What connects the sauna, blue light blocking glasses, and cooling mattress is a cognitive process enabled and conditioned by measurability. This process is neither entirely pre-determined nor arbitrarily contextualized, but hybrid in nature. True, while certain things (alcohol etc.) almost certainly have an impact, there could always be another correlation, a link, a 'hmm maybe'. This hint of endless uncertainty reveals precisely the cognitive toll within the process of contextualization. In order to sustain the information flow and out of the fear of losing the ring, the two Oura users rarely take off their ring, except for planned charging.


Reality as the limits of perceptibility

Intervention, as previously discussed, is enabled by perceptibility. Standardized metrics like sleep score and step count serve to render perceptible, measurable, and thus knowable, what is usually imperceptible (ever tried counting your steps in your head for a full day?).
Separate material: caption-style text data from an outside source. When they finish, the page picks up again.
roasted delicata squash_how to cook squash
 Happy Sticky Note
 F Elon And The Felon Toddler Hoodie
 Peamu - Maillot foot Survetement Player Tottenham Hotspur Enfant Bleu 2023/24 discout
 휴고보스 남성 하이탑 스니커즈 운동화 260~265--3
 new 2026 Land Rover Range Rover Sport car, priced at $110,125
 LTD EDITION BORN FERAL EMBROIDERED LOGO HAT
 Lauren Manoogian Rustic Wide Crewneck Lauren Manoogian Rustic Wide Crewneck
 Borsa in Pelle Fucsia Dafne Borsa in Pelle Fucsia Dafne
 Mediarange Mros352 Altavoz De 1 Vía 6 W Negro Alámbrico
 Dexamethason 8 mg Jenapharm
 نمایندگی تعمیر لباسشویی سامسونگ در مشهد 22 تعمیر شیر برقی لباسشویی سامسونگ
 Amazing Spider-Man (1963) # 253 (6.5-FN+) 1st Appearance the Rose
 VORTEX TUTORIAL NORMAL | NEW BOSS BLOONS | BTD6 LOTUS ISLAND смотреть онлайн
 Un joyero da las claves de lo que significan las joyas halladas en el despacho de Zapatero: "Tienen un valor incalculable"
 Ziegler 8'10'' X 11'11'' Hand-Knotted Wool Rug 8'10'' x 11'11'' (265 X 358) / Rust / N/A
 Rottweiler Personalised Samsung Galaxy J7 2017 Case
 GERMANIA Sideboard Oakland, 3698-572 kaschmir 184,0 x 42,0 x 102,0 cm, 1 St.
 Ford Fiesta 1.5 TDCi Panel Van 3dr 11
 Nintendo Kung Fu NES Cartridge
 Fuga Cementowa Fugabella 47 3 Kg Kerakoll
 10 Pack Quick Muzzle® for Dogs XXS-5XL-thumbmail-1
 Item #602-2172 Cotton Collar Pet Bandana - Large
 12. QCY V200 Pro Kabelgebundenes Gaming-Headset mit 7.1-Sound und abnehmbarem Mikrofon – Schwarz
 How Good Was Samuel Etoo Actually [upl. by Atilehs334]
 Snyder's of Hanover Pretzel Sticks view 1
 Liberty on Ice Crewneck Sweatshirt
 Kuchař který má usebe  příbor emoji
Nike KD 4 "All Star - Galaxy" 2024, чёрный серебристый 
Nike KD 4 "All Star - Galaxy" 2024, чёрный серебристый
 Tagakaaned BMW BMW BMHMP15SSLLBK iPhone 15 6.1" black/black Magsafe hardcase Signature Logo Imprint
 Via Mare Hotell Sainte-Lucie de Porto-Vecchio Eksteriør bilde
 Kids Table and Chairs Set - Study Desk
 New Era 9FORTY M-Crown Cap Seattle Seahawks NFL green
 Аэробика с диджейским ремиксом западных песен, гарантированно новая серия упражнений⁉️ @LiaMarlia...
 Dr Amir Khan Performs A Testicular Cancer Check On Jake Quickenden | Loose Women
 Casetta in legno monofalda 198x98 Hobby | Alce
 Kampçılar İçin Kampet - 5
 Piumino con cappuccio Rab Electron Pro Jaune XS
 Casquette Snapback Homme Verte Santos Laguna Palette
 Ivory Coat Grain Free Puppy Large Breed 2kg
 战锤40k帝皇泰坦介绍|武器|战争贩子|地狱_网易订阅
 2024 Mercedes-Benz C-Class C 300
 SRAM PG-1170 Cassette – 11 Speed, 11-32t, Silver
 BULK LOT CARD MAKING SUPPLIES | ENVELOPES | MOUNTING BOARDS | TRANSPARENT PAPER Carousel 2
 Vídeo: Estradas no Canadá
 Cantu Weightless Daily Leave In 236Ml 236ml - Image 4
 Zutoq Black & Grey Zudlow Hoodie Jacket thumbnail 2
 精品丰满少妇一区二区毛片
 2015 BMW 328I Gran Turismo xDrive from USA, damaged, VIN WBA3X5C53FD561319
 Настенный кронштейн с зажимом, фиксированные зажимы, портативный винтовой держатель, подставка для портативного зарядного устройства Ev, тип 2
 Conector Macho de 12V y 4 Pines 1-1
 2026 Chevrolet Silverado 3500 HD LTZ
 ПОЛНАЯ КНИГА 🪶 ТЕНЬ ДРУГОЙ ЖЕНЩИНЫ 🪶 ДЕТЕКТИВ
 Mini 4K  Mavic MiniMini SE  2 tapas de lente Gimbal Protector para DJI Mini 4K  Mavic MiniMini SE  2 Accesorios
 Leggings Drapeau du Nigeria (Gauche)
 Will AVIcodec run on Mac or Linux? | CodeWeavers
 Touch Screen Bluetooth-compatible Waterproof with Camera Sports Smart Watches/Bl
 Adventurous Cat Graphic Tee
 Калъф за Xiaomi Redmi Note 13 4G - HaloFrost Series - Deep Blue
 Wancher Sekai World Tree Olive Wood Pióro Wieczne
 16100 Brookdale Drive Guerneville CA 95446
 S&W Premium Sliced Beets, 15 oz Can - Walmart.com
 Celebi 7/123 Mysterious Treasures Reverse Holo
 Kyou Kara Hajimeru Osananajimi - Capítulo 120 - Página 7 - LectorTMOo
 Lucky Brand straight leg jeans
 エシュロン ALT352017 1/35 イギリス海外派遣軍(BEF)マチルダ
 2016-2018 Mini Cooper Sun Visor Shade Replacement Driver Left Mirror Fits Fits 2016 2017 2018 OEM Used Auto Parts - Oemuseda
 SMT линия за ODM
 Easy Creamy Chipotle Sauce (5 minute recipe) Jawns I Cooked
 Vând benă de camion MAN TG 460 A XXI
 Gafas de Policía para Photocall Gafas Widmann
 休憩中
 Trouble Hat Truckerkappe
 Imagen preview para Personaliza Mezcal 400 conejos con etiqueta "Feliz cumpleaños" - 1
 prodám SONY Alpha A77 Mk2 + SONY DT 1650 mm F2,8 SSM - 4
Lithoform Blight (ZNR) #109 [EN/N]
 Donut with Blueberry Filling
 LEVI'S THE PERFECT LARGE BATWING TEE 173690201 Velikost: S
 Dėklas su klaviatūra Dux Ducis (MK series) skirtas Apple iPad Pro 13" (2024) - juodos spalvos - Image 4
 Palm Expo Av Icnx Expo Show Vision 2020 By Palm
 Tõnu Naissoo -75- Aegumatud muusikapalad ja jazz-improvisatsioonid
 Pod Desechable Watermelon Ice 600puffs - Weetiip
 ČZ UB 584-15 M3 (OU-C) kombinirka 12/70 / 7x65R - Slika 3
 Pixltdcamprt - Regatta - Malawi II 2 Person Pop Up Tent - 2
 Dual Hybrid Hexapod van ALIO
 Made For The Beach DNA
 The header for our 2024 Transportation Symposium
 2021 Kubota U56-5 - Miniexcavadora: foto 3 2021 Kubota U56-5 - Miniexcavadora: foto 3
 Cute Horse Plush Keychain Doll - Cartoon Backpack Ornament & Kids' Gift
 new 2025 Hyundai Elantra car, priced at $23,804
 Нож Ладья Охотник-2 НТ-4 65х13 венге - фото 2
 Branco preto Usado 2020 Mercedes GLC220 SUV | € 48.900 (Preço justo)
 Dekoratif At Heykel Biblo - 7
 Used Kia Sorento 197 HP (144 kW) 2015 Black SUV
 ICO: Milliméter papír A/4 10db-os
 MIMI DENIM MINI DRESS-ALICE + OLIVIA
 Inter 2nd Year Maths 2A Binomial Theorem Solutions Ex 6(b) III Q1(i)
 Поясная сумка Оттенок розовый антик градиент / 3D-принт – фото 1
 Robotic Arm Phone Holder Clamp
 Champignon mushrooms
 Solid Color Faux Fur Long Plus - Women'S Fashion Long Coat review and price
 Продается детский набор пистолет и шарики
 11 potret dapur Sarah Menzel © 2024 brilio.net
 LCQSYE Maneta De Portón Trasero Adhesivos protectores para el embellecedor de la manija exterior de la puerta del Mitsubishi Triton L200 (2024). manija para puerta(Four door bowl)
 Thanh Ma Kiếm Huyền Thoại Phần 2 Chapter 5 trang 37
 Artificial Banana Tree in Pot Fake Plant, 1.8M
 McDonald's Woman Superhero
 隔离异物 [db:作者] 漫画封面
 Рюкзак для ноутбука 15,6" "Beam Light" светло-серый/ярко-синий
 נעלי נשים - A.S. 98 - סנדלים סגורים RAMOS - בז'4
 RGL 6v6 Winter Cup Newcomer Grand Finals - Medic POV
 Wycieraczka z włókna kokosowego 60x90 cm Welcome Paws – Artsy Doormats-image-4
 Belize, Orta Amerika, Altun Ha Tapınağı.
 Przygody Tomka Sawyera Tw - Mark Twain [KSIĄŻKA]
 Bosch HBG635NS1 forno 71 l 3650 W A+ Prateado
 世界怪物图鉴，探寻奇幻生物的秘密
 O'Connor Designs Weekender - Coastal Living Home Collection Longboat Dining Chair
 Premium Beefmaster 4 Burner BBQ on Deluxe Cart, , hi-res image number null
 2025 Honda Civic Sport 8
To take a step further, we may now take a quick detour and ask: what is knowledge? More precisely, what is knowing? Gregory Bateson (1979, p.29) defines knowing as "at any given moment...a function of the thresholds of our available means of perception. He maintained that, as a result of the natural limits of our sensory organs (for instance, you can't see electric current with your bare eyes), "all phenomena are literally appearances".


Bateson built his epistemological formulation with reference to Kant's idea of the Ding an sich (Thing-in-itself), exemplified by a piece of chalk. There are an infinite number of potential facts contained within the chalk that can never be processed by the human sensory receptors. Only the filtered facts that enter into communication and mental process could become information. Bateson further asserts that the most elementary unit of information is a difference which makes a difference - a piece of chalk is registered as such according to its infinite differences with the rest of the universe. Knowing, therefore, is the selection, processing, and comparison of information.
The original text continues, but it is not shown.